# What you should do
What must be written out is each line from the one holding "Une pluie d'étincelles" through the end of the records, word for word, minus any pictures.

# Records
[Start of Attachment]
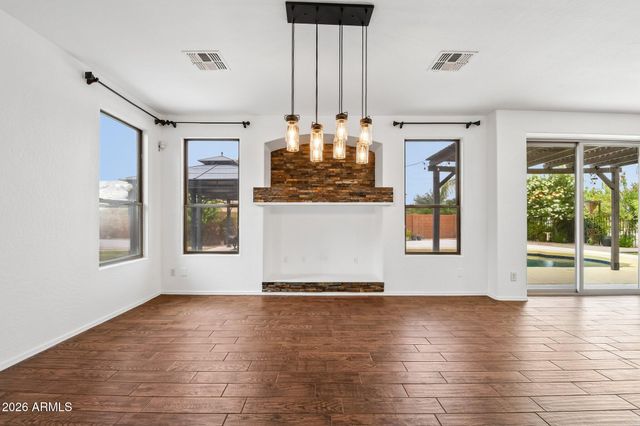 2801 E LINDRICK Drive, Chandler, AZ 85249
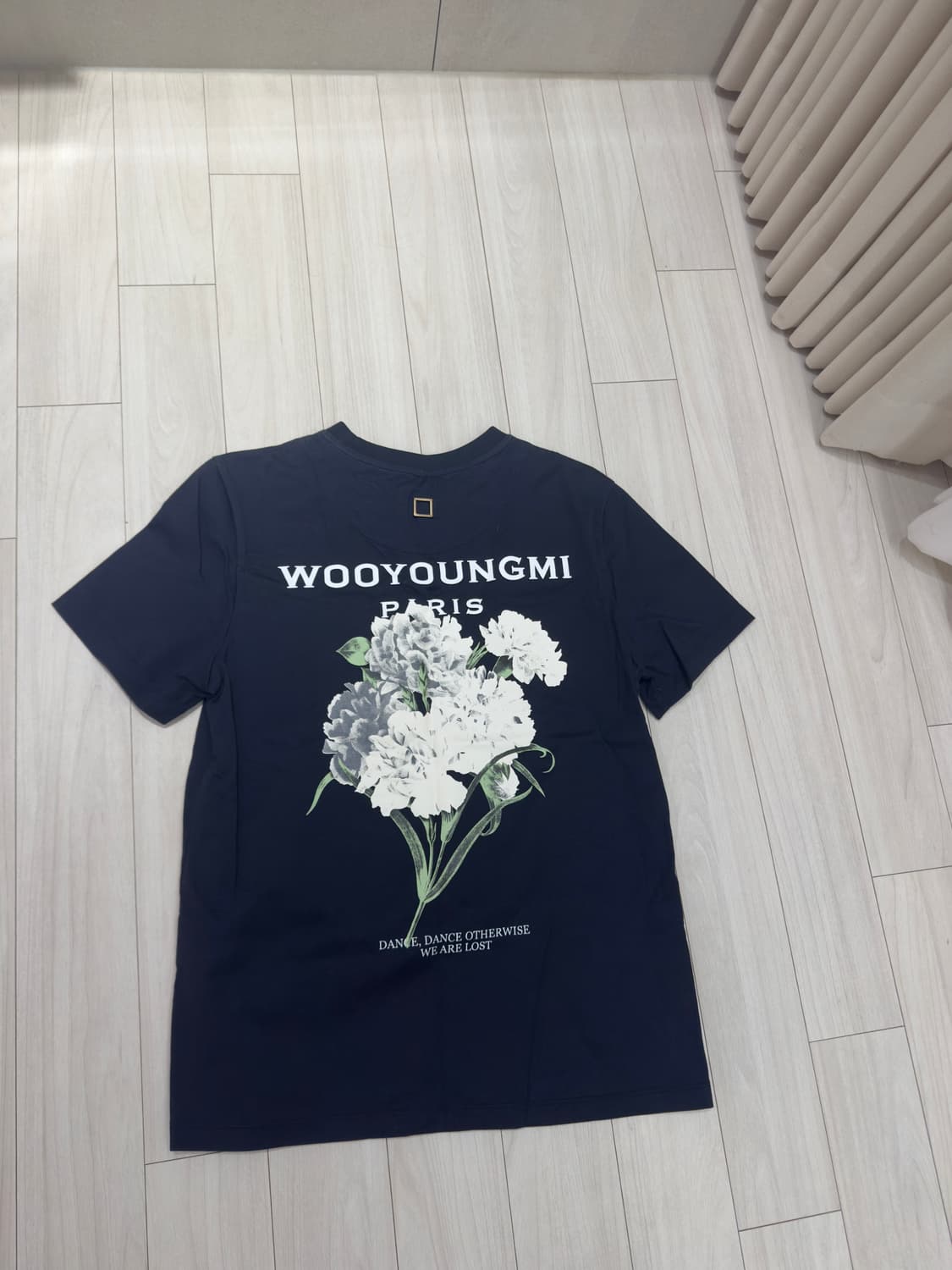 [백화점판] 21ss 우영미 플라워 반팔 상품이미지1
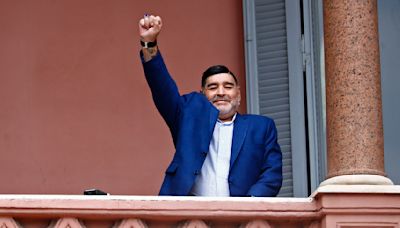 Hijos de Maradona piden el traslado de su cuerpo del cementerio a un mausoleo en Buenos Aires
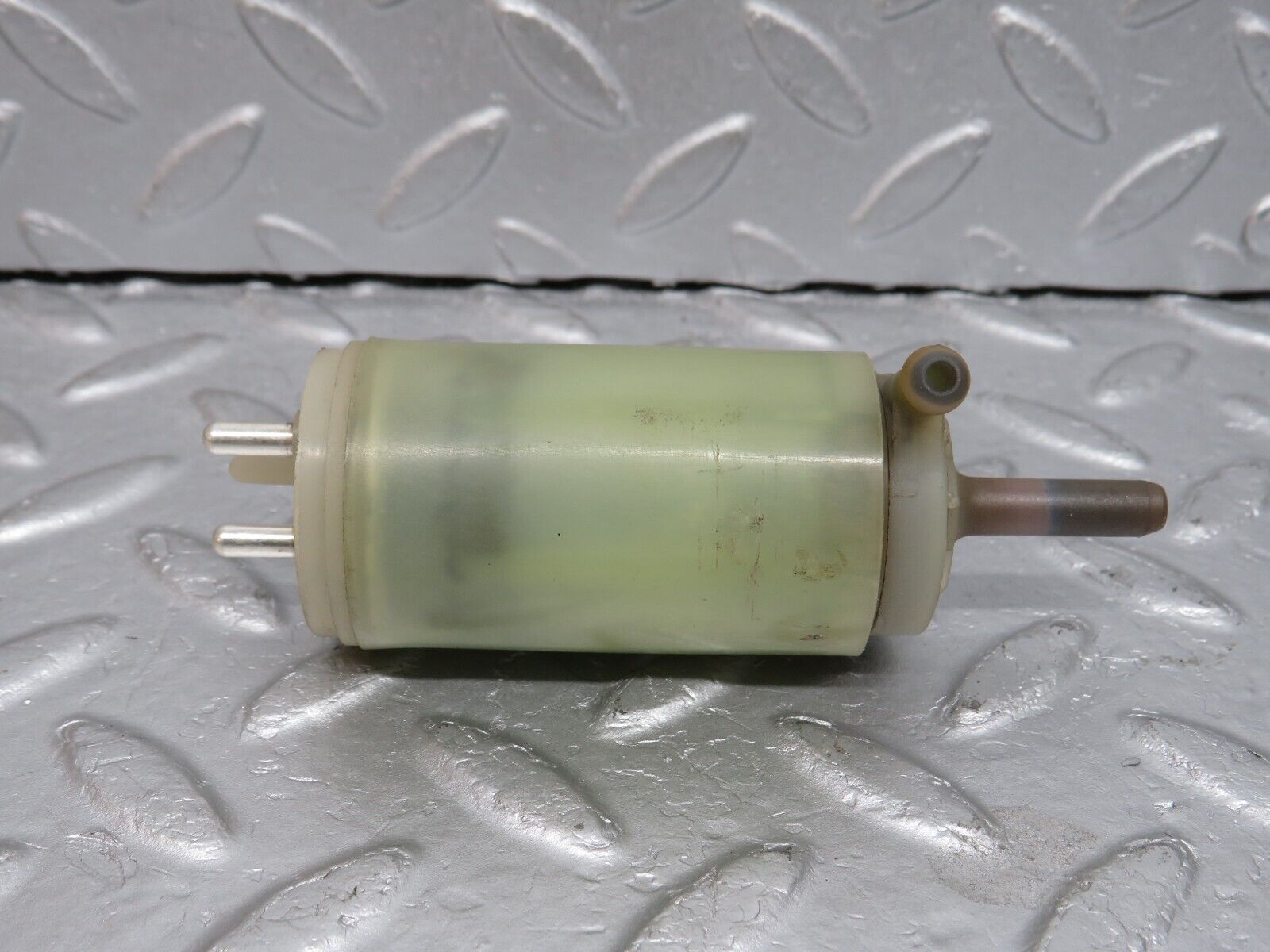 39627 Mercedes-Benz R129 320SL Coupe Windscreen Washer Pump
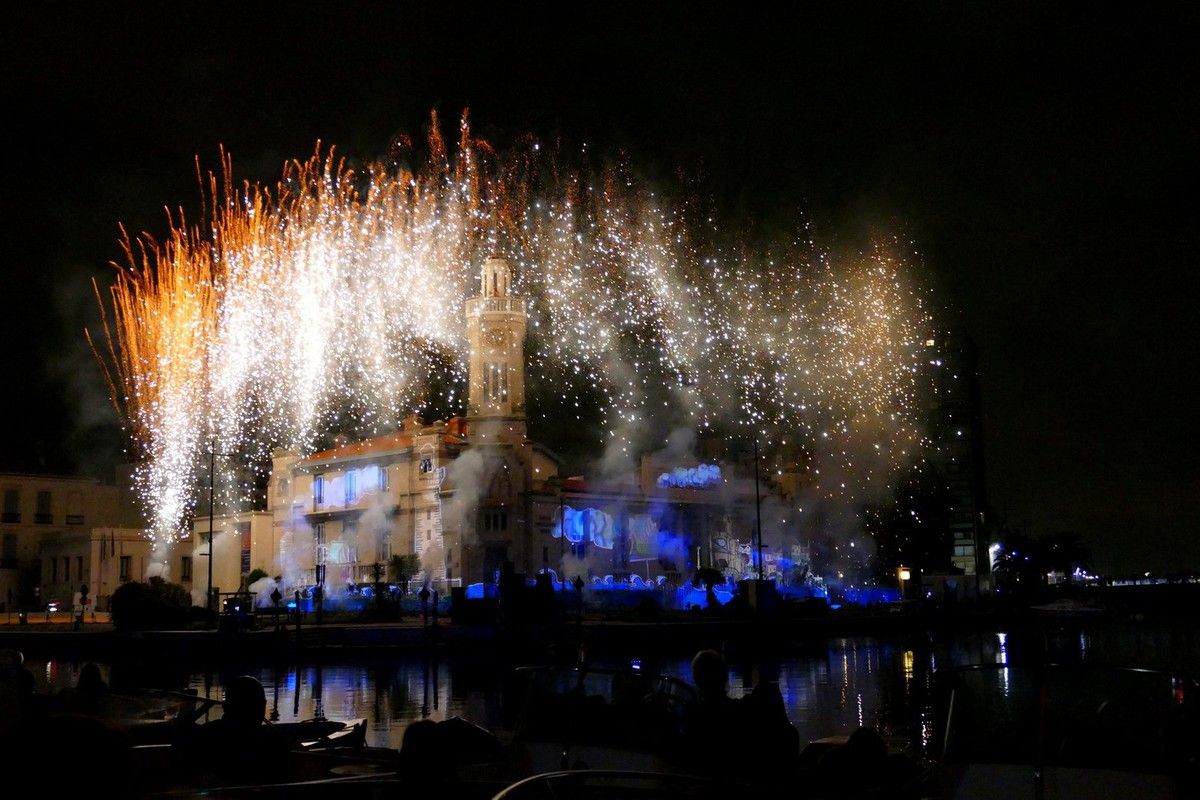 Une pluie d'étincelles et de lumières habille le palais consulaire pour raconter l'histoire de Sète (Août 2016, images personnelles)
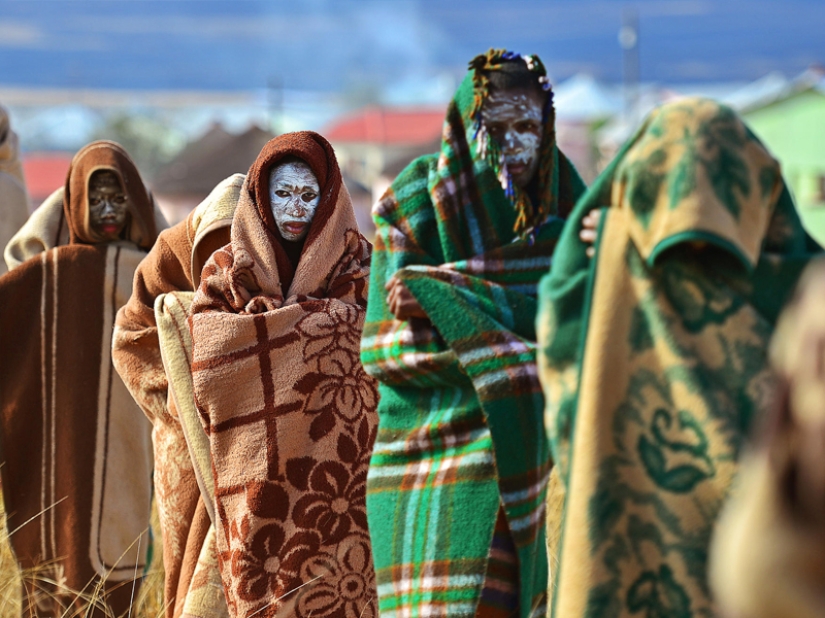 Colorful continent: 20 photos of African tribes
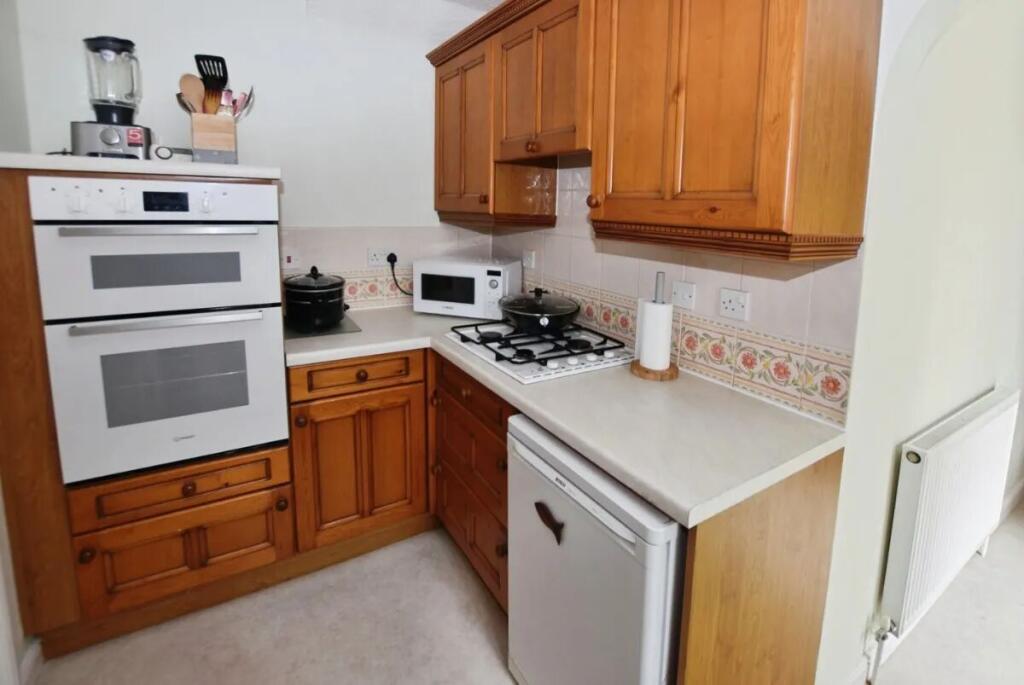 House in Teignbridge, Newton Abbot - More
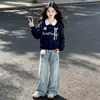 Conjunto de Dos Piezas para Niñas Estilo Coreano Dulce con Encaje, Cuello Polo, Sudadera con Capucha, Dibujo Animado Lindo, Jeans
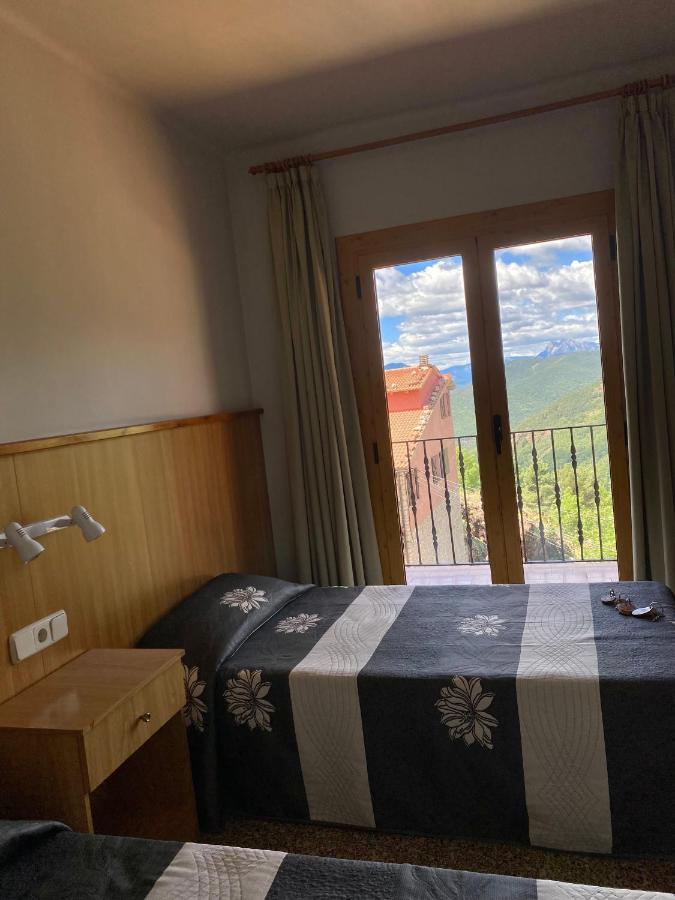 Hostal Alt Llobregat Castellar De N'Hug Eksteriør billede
[End of Attachment]
# Response to this task
 Une pluie d'étincelles et de lumières habille le palais consulaire pour raconter l'histoire de Sète (Août 2016, images personnelles)
 Colorful continent: 20 photos of African tribes
 House in Teignbridge, Newton Abbot - More
 Conjunto de Dos Piezas para Niñas Estilo Coreano Dulce con Encaje, Cuello Polo, Sudadera con Capucha, Dibujo Animado Lindo, Jeans
 Hostal Alt Llobregat Castellar De N'Hug Eksteriør billede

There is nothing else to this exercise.